_Instructions to follow_:
In the material below, find the line containing "男生指甲薄的秘密：揭示命运与性格的微妙联系" and the line containing "FMAP6 What are". Output those two lines and all lines between them exactly, without pictures.

_Task material_:
◆ ◆ ◆ ◆ ◆

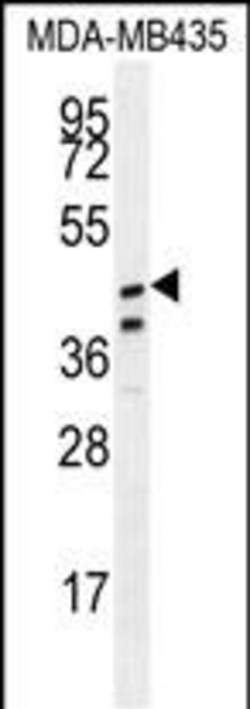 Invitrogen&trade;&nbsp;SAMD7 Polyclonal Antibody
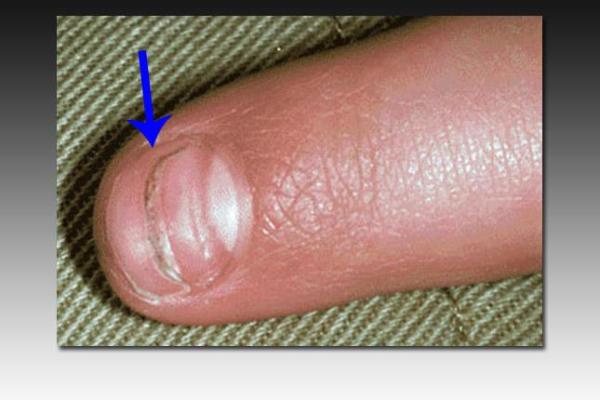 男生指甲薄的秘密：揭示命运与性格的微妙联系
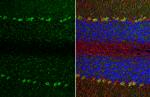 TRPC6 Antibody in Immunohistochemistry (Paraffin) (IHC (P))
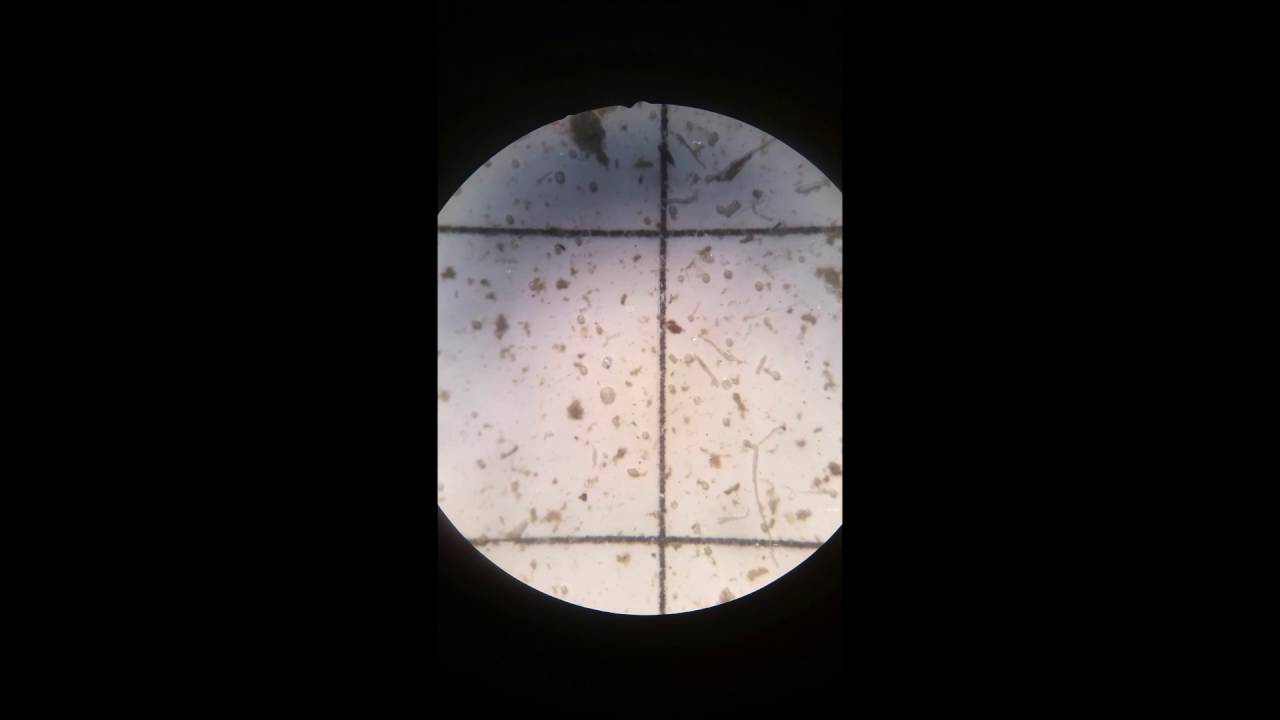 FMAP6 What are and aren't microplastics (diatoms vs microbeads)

◆ ◆ ◆ ◆ ◆

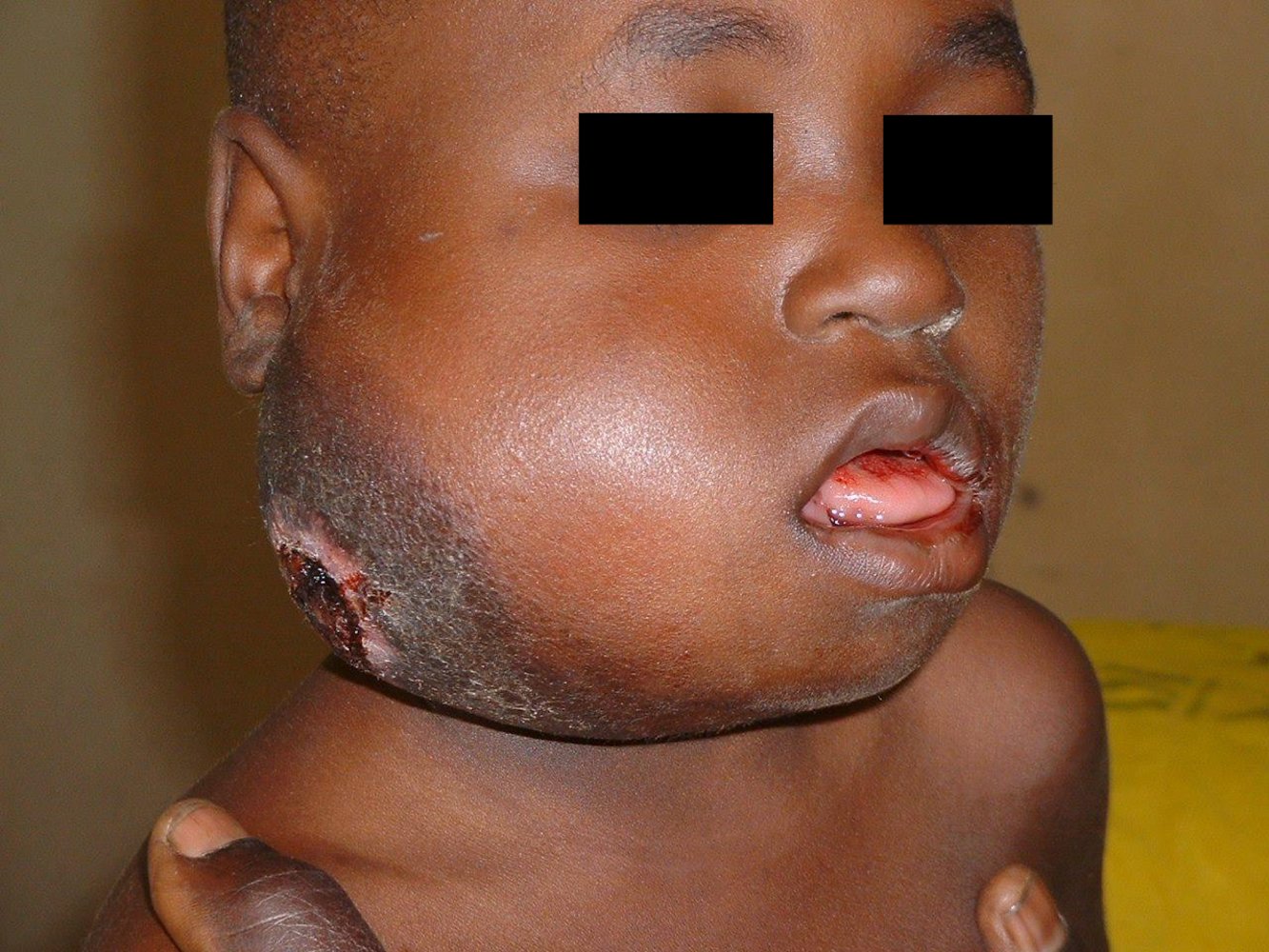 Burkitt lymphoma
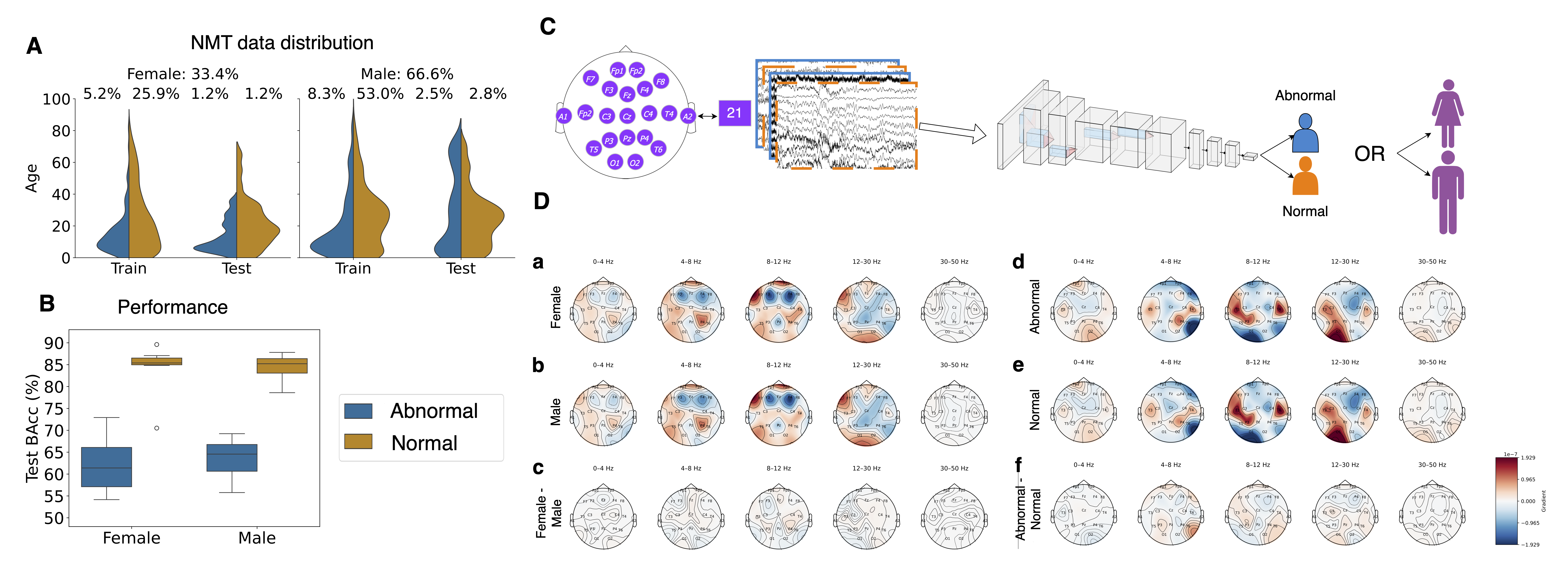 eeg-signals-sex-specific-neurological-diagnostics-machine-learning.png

◆ ◆ ◆ ◆ ◆

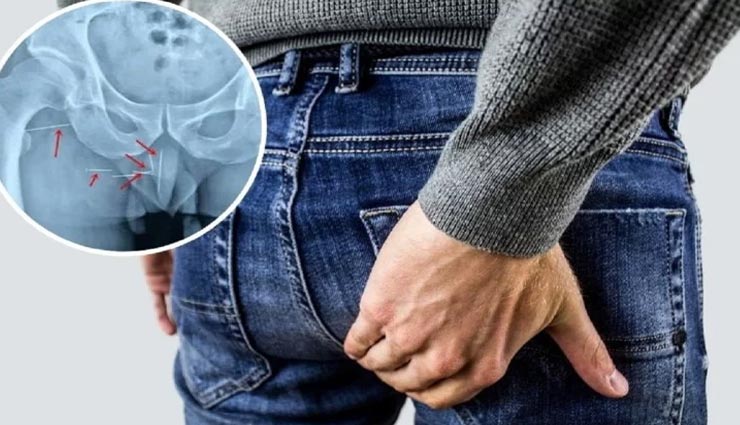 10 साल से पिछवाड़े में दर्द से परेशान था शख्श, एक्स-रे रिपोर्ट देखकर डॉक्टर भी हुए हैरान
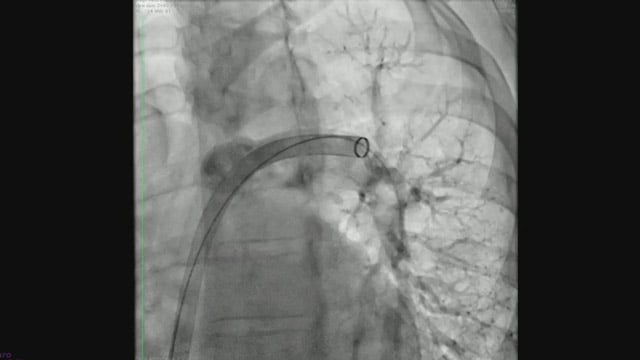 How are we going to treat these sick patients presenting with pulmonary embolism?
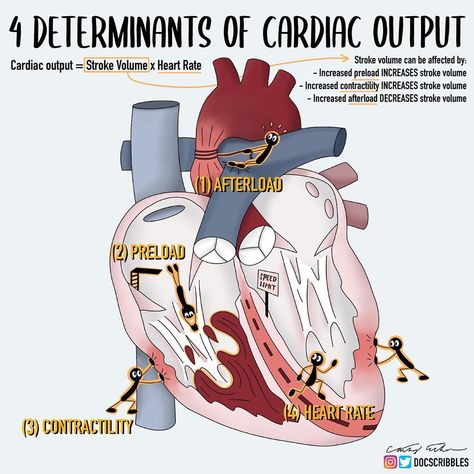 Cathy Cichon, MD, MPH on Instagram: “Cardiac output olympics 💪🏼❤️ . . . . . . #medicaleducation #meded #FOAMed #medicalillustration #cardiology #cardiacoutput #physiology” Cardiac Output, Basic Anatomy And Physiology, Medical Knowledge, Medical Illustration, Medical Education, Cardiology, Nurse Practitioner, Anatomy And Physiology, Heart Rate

◆ ◆ ◆ ◆ ◆

_Result of this exercise_:
 男生指甲薄的秘密：揭示命运与性格的微妙联系
 TRPC6 Antibody in Immunohistochemistry (Paraffin) (IHC (P))
 FMAP6 What are and aren't microplastics (diatoms vs microbeads)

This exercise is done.